Fundraising for fund VIII began in the spring of 2010 and shortly after distributing its PPM, EnCap set a $3.5 billion hard cap.

“Once we got into marketing efforts, the interest and demand was extensive and substantially oversubscribed,” he says. “We had almost $6 billion of demand.”

Daniel Prendergast, of Park Hill Group, acted as placement agent. Thompson & Knight was EnCap’s law firm.

The PE shop’s last fund, EnCap Energy Capital Fund VII LP, raised $2.5 billion in 2007 and posted a -1.79IRR, according to CalSTRS data as of March 2010. Results for Fund VI are better. EnCap Energy Capital Fund VI has a 15.54 IRR, CalSTRS says.

EnCap supplied more up-to-data information. As of Dec. 31, the net IRR for Fund VII was 15% and the net IRR for Fund VI is 23.6%. Both IRR’s include unrealized investments, an EnCap spokeswoman says.

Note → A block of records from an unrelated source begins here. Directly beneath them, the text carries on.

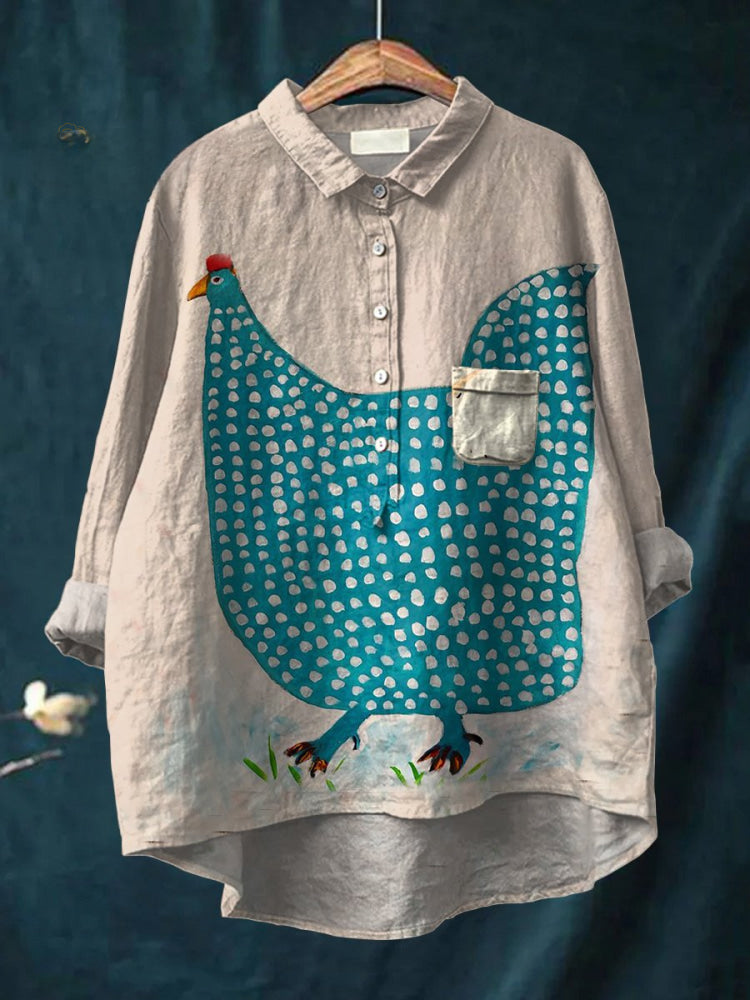 Sigrid | Avslappnad T-shirt med Prickigt Kyckling-mönster i Vit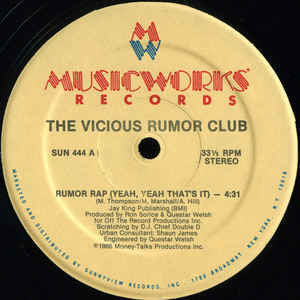 The Vivious Rumor Club - Rumor Rap (Yeah, Yeah That's It) VG+ - 12" Single 1986 Musicworks USA - Hip Hop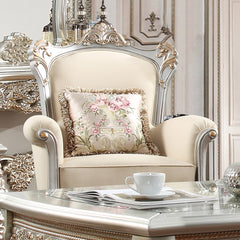 Dynasty Elite Silver/Gold Highlight 3-Pc Living Room Set / HD-91633 - Ornate Home
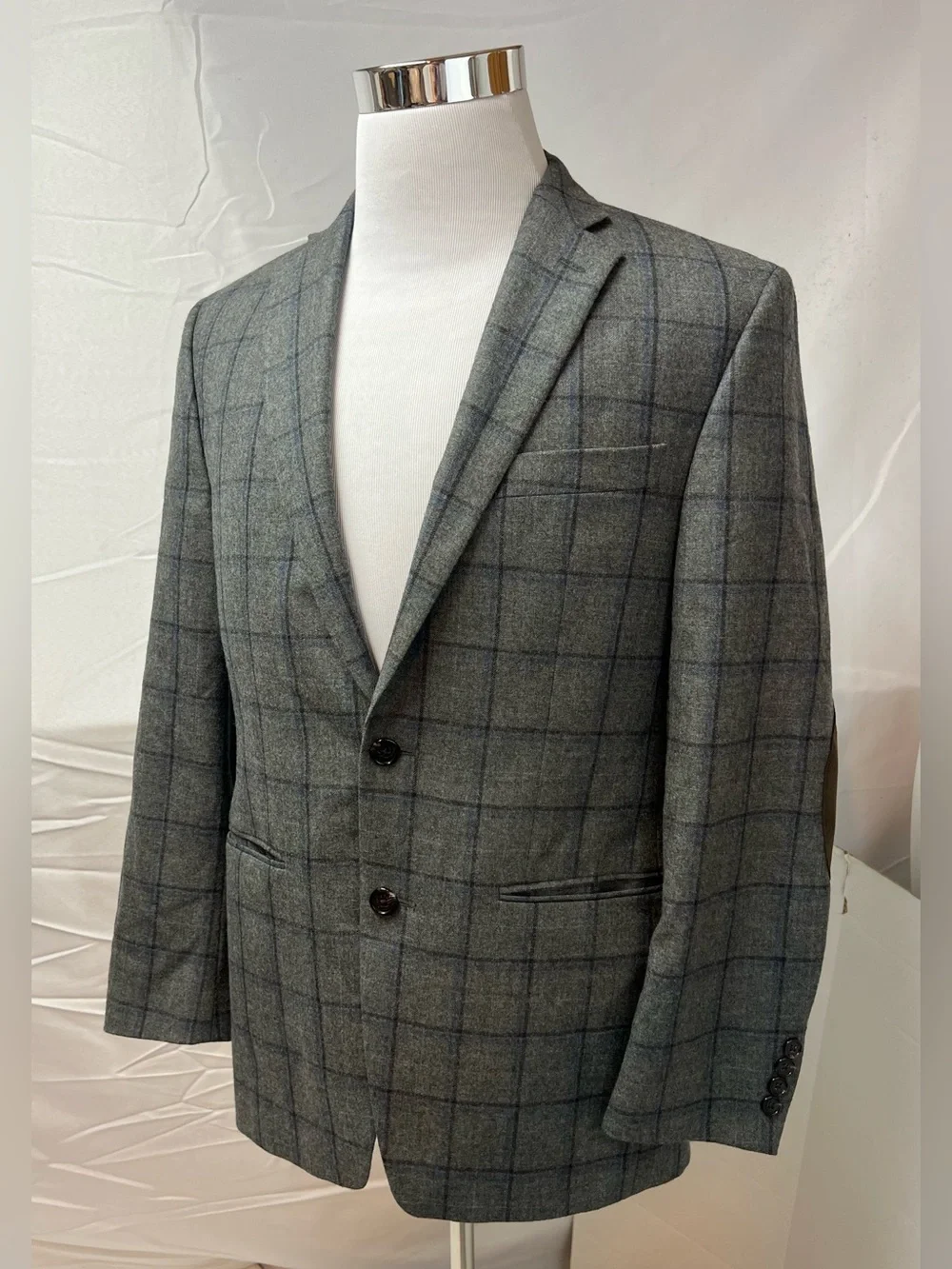 Ralph Lauren Men's 38R Gray Plaid Brown Elbow Patches Wool Blazer Jacket Coat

Fund VIII attracted about 190 investors and several reupped, including the Public Employees Retirement Association of New Mexico, the Minnesota State Board of Investments and CalSTRS. Kansas Public Employees Retirement System is a new investor, Miller says.

Due to overallocation and liquidity issues at some U.S. institutions, EnCap decided to seek out international investors for the first time, he says. “We felt it would make sense given the size of the fund to broaden our scope of efforts and bring in international investors,” Miller says.

Of the $3.5 billion, about $850 million is coming from foreign investors, public pensions committed $1.2 billion and roughly $1 billion is from the endowments, foundations and trusts.

While there was much demand, EnCap did have to deal with environmental concerns due to the BP oil spill. EnCap fielded “lots of questions” from the institutional community which was wondering about potential environmental risk, Miller says. “We haven’t done anything offshore for quite some time,” he says. “We got them comfortable that that was not something to be concerned about.”

Miller also maintains that the U.S. oil and gas industry “has done a marvelous job of drilling wells in a safe and environmentally conscience manner in the last 40 years.”

“There is no question that the Gulf spill was a disaster,” he adds.” I’m not trying to minimize the significance of what happened in that spill. But thousands and thousands of wells are drilled every year and the vast majority is drilled without incident.”